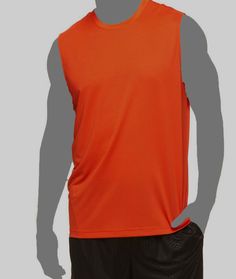 $30 Head Men's Orange Stretch Sleeveless Crew Neck Activewear Tank Top Size M Description Crew neckline Sleeveless Relaxed fit Pullover style Polyester Machine washable Imported About Us We sell only 100% authentic clothing from new with tags to gently used. We have a 100% authentic or money back guarantee on every item we sell. Items are listed daily so make sure to put us on your favorite! Most of our items come from a nationwide high end dept store. We have been in business for over 10 years Solid Moisture-wicking Sleeveless Vest, Sleeveless Orange Sports Top, Orange Sleeveless Sports Tank Top, Back In Black, Orange Tank Top, Designer Items, Coral Orange, Sell Items, Active Wear Tops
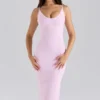 The Hourglass Baby Pink Midi Bandage Dress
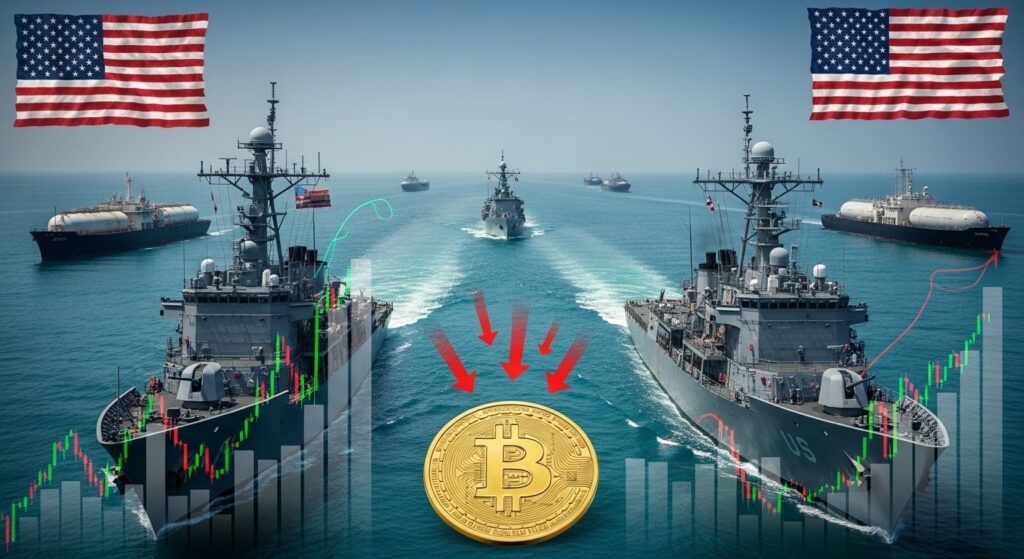 Iran USA Blocus Ormuz : Pétrole Envolé, Bitcoin Sous Pression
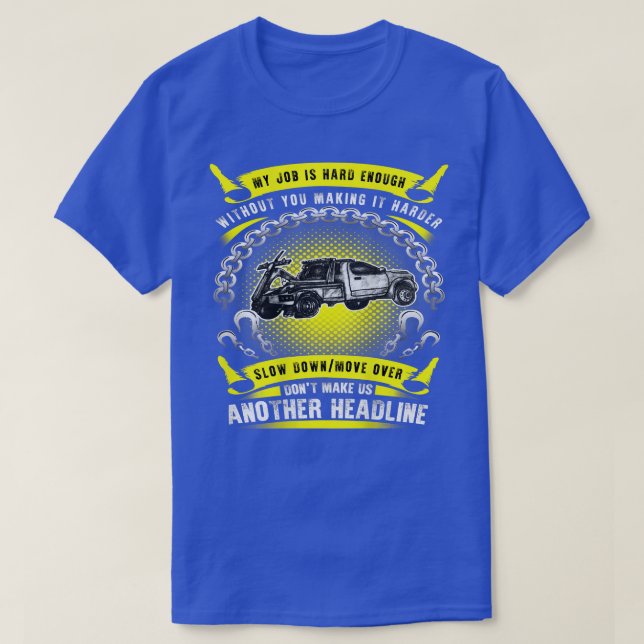T-shirt Tow Lives MattRalentir plus sur (Design devant)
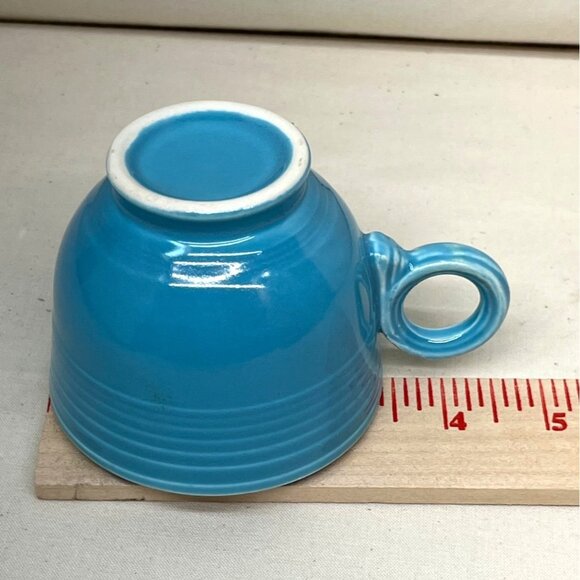 Vintage Homer Laughlin Fiesta Fiestaware Turquoise Ring Handle Cup - Picture 7 of 8
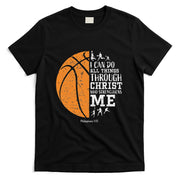 Christian Basketball Religious Gifts T-Shirt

**What the task asks**
What's needed is a word-for-word retyping of the listing, minus its pictures.

**Answer for the task**
 $30 Head Men's Orange Stretch Sleeveless Crew Neck Activewear Tank Top Size M Description Crew neckline Sleeveless Relaxed fit Pullover style Polyester Machine washable Imported About Us We sell only 100% authentic clothing from new with tags to gently used. We have a 100% authentic or money back guarantee on every item we sell. Items are listed daily so make sure to put us on your favorite! Most of our items come from a nationwide high end dept store. We have been in business for over 10 years Solid Moisture-wicking Sleeveless Vest, Sleeveless Orange Sports Top, Orange Sleeveless Sports Tank Top, Back In Black, Orange Tank Top, Designer Items, Coral Orange, Sell Items, Active Wear Tops
 The Hourglass Baby Pink Midi Bandage Dress
 Iran USA Blocus Ormuz : Pétrole Envolé, Bitcoin Sous Pression
T-shirt Tow Lives MattRalentir plus sur (Design devant)
 Vintage Homer Laughlin Fiesta Fiestaware Turquoise Ring Handle Cup - Picture 7 of 8
 Christian Basketball Religious Gifts T-Shirt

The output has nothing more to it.